A new era of Seattle Sounders player development kicked off on Sunday. In the most important ways, it was a huge success. Wade Webber’s Tacoma Defiance looked dominant in their first-ever MLS Next Pro match against Real Monarchs, traditionally one of the best developmental teams in MLS.
The 4-0 scoreline made it obvious enough — Alfonso Ocampo-Chavez had a brace; Dylan Teves had a goal and an assist; Sam Adeniran closed out the scoring; and there were several other chances that came close. Another first-team loanee, Stefan Cleveland, posted the shutout as well.
In short, the Defiance looked like a team that will enjoy quite a bit of success in this new league, especially when they’ve got a host of players on loan from the first team as they did in their season-opener.
How well this serves to actually develop players — as opposed to just keeping them warm for the first team — remains to be seen, but based on the limited evidence we currently have, there should no real complaints from an on-field perspective.

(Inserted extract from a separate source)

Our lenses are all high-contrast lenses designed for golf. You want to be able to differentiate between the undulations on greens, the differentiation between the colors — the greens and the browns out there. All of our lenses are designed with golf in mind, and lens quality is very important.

Off the field, it’s a much more open question.
If, like me, you were trying to watch the game via stream you know what I’m talking about. Unlike previous seasons, Defiance games are only available through the league website. The good news is that it’s free. The bad news is that the quality of the stream reflects the price and screams “minimum viable product.”

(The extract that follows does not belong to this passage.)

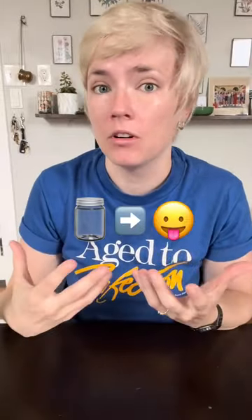Champagne flutes are bullshit. Is it a vessel that gets alcohol to your face? Yes. But let's break this down.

From what I’ve been told, the league decided to forgo live camera operators and in-person announcers, instead opting to utilize panoramic cameras that are effectively edited by artificial intelligence with remote announcers operating off a video feed. The result was a choppy broadcast that felt very different from anything we’re used to seeing. Although the camera could track the ball well enough when it was around midfield, it often got lost when passes were played quickly upfield. This was most frustrating when the quick ball-movement resulted in shots that were out of frame, and the AI-camera operator even missed a couple of goals. Compounding the problem was an inability for viewers to pause or rewind the action and the complete lack of replays or on-demand viewing.
In short, it was not a product that appeared to be designed for fan consumption.

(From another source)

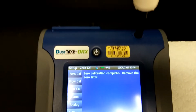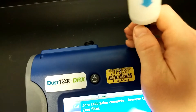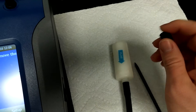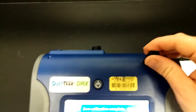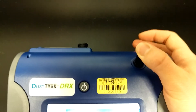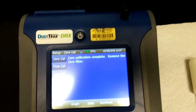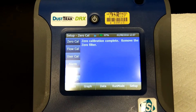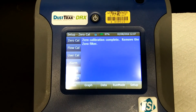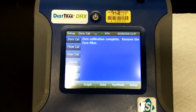When the calibration finishes, you can remove the zero filter and reattach the inlet cap. Or, you can attach a hose if you're going to be using a hose for sampling. After that, you're all done. You should zero calibrate the machine every day prior to sampling to ensure the validity of your data.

I suppose from a purely practical perspective, this makes sense. Talent evaluators have what they need, with access to the unedited panoramic video, and if talent development is the only thing MLS Next Pro is concerned about, this is a defensible position.
But ever since the launch of this new third-division league, we’ve been told that MLS considers this a product that is designed to appeal to fans and that they’re hoping to package these games into the streaming product they’re hoping to sell to broadcasters in the future.
I have been told that some of these issues are likely to be addressed in the short term. The nature of AI is that it is a learning technology and will naturally improve with time, and viewers should have some basic stream controls within weeks. I think it’s perfectly reasonable to expect the quality will improve, even if only marginally, in the near term and they’re apparently hoping to get to the point where they can show replays and offer on-demand viewing. I’m also sensitive to the idea that the league promised to be innovative both on and off the field from the start, and some growing pains are to be expected. It’s even possible that I just happened to watch a particularly bad stream.
None of this does much to disabuse me of my initial skepticism, however. Launching a new league is not easy and elevating its relevance in the minds of fans can be even more difficult.
From the beginning, officials have been pushing back against the perception that this is just going to be a reserve league by a different name. I’m willing to believe that the quality of play will, indeed, be elevated from that poor standard. But it’s also worth considering that for all its problems, the reserve league’s streaming quality was often better than what we saw from MLS Next Pro during its inaugural weekend. While it’s tempting to chalk this up to “week 1 problems” the reality is that this league was publicly unveiled more than eight months ago and it’s a bad sign that the streaming product was ever in this state. I don’t think prospective fans are going to be completely turned off by one bad game, but the longer it takes to address these issues the harder the job will be in winning them back.